AIM OF THE EXERCISE: An exact reproduction of all the data is needed, with no images in it.

START DATA TO USE

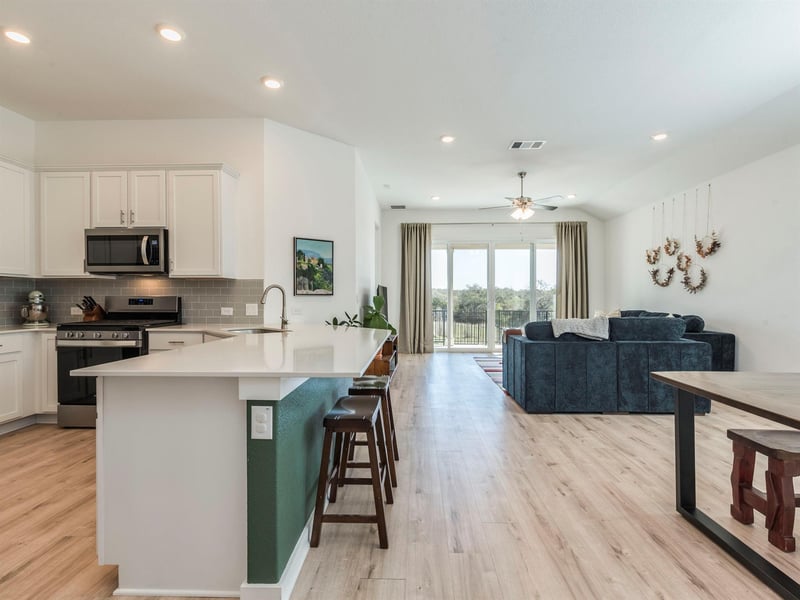 Virtual tour of 2132 Centerline LN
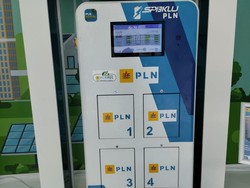 PLN Mau Bikin Tempat Tukar Baterai Motor Listrik di Minimarket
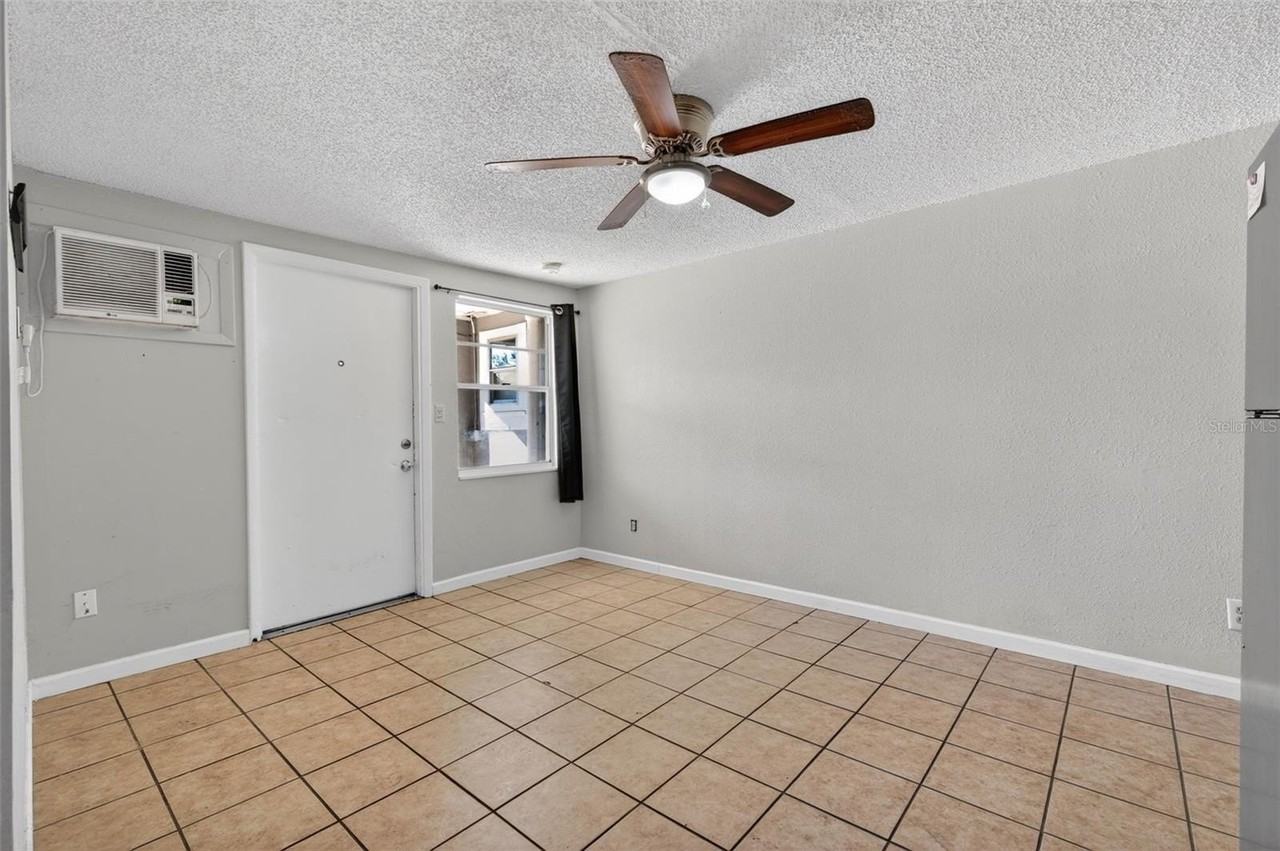 6401 31st St N #4 - Photo 3 of 38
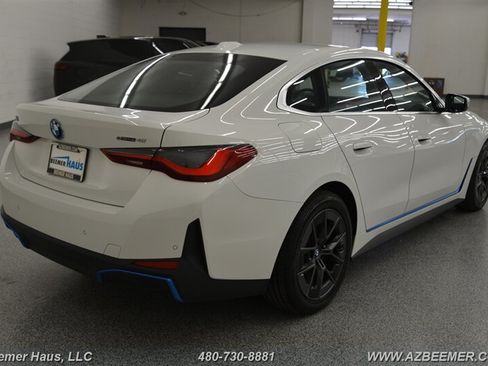Used 2022 BMW i4 eDrive40 RWD image 13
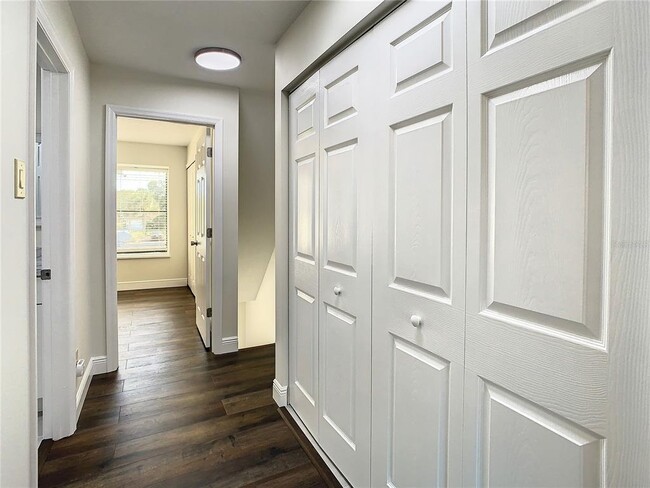 Building Photo - 9027 Pebble Creek Dr
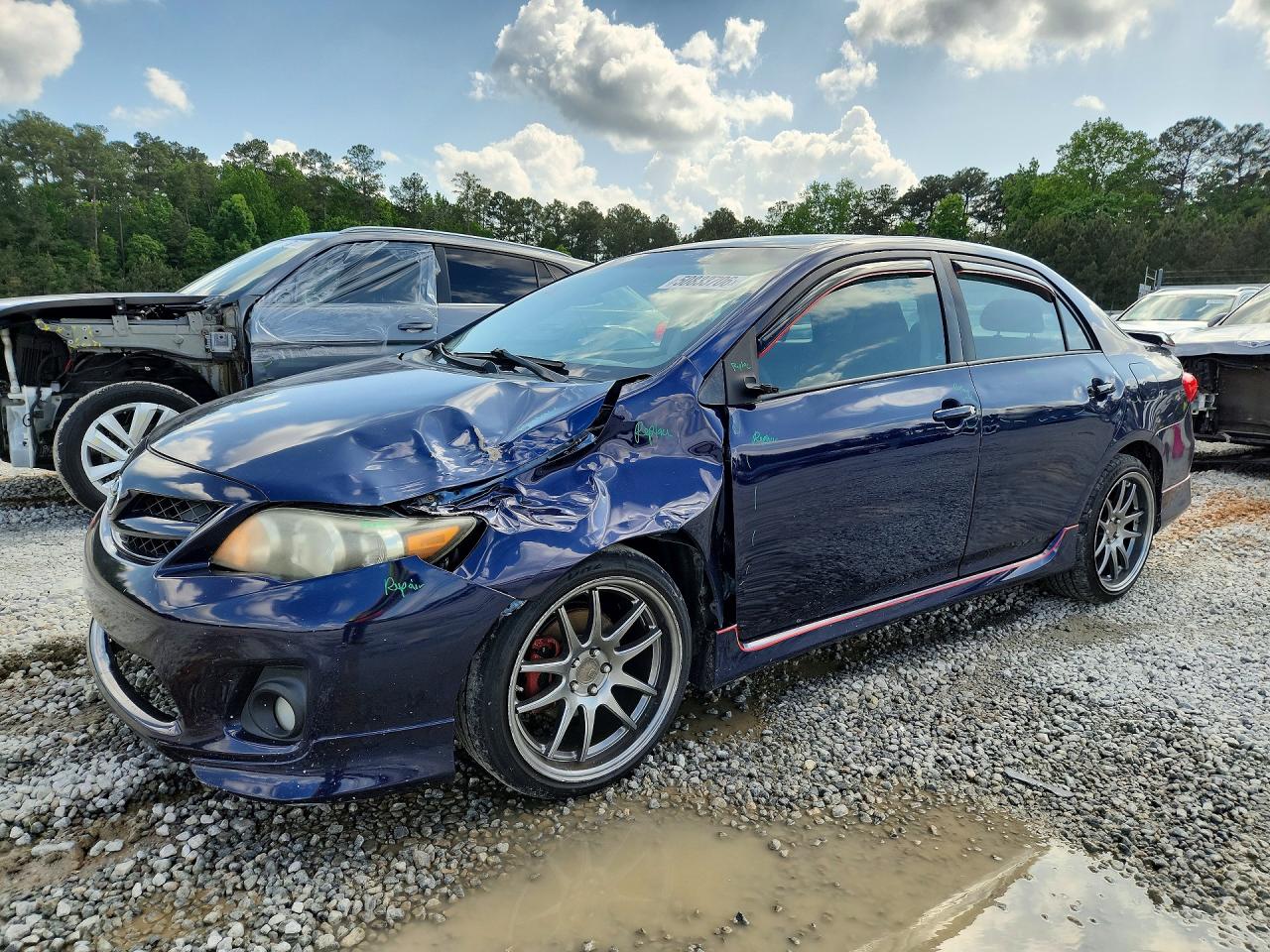2011 TOYOTA COROLLA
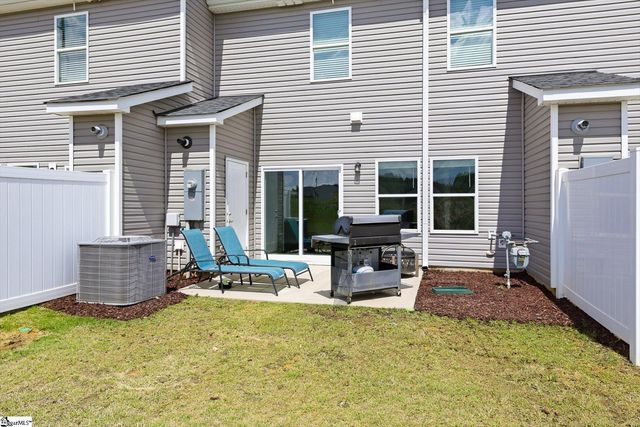 10 Rockshire Trail, Fountain Inn, SC 29644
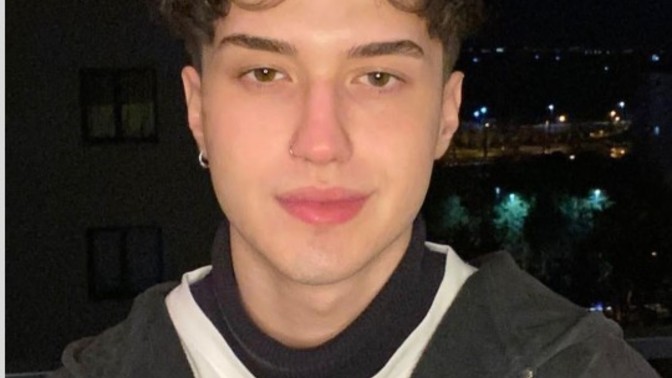 Kızlar Sizce Erkeklerin (Lips) leri Nasıl Olmalı?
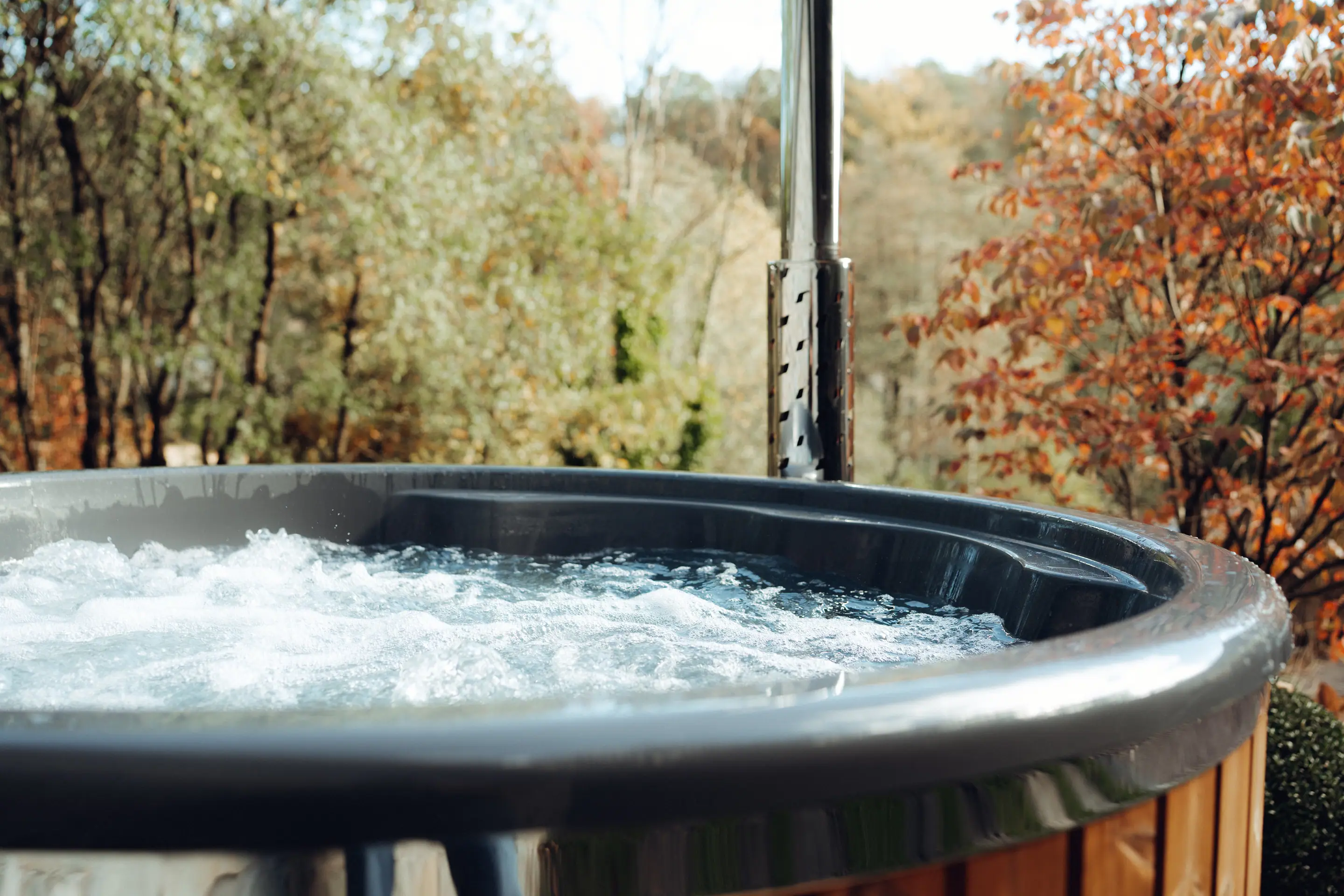 L’eau bouillonnante du bain nordique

END DATA TO USE

SOLUTION:
 Virtual tour of 2132 Centerline LN
 PLN Mau Bikin Tempat Tukar Baterai Motor Listrik di Minimarket
 6401 31st St N #4 - Photo 3 of 38
Used 2022 BMW i4 eDrive40 RWD image 13
 Building Photo - 9027 Pebble Creek Dr
2011 TOYOTA COROLLA
 10 Rockshire Trail, Fountain Inn, SC 29644
 Kızlar Sizce Erkeklerin (Lips) leri Nasıl Olmalı?
 L’eau bouillonnante du bain nordique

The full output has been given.